Links:
https://www.kaggle.com/nz0722/simple-eda-text-preprocessing-jigsaw
https://www.codeastar.com/word-embedding-in-nlp-and-python-part-1/
https://www.kaggle.com/christofhenkel/how-to-preprocessing-when-using-embeddings/comments

Things to try/To-Do

import re
def punct_apo_fix(x):
    x = str(x)
    x = x.replace("_"," ")    
    for punct in "`’":
        x = x.replace(punct,"'")    
    for punct in '!,?()%":.$“/;#+*=&gt;[]&amp;-':
        x = x.replace(punct, f' {punct} ')
    apos = re.findall("'.*?[\s]", x)
    for apo in apos: 
        if apo.lower() in ["'t ","'re ", "' ", "'ve ", "'s ", "'ll ", "'d ", "'n ", "'clock ", "'m "]:
            x = x.replace(apo, f' {apo}')
        else:
            x = x.replace(apo, f" ' {apo[1:]}")
    if (x.endswith("'")): 
        x = x[:-1]+" '"        
    return x
    
    


In [2]:
import pandas as pd
import numpy as np
from gensim.models import KeyedVectors

X_train = pd.read_csv('train.csv')
X_test = pd.read_csv('test.csv')



Before we do anything in NLP, we need to build a vocabulary consisting of unique words (vocabulary list). Build_vocab will take care of that. What it does is that it goes through the text we have, tokenizes them and counts the occurence of the contained words. In this manner it builds a vocabulary list from the comments.
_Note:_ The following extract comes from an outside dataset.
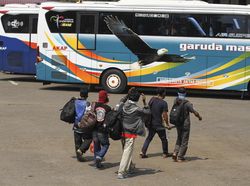 Banyak Pemudik Pakai Travel Gelap, Perlukah Transportasi Dibuka Lagi?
We will have to retrieve tokens from a document by separating punctuations from words and splitting words like "y'all" or "you're". 

In [4]:
def build_vocab(texts):
    sentences=texts.apply(lambda x: x.split()).values 
    vocab={}
    for sentence in sentences:
        for word in sentence:
            try:
                vocab[word]+=1
            except KeyError:
                vocab[word]=1    
    return vocab

In [29]:
X_train['comment_text']=X_train['comment_text'].apply(lambda x: x.lower())
vocab=build_vocab(X_train['comment_text'])
len(vocab)

635719

KeyedVectors will implement word vectors and their similarity look-ups

In this project, we are going to use Universal Embedding: embeddings that are pre-trained on the a large corpus of data to improve their performance by incorporating some general word/sentence representations learned on the larger dataset. The whole idea of embedding is to encode words or sentences in fixed-length dense vectors. What it means is that they are distributed representations of text in an n-dimensional space.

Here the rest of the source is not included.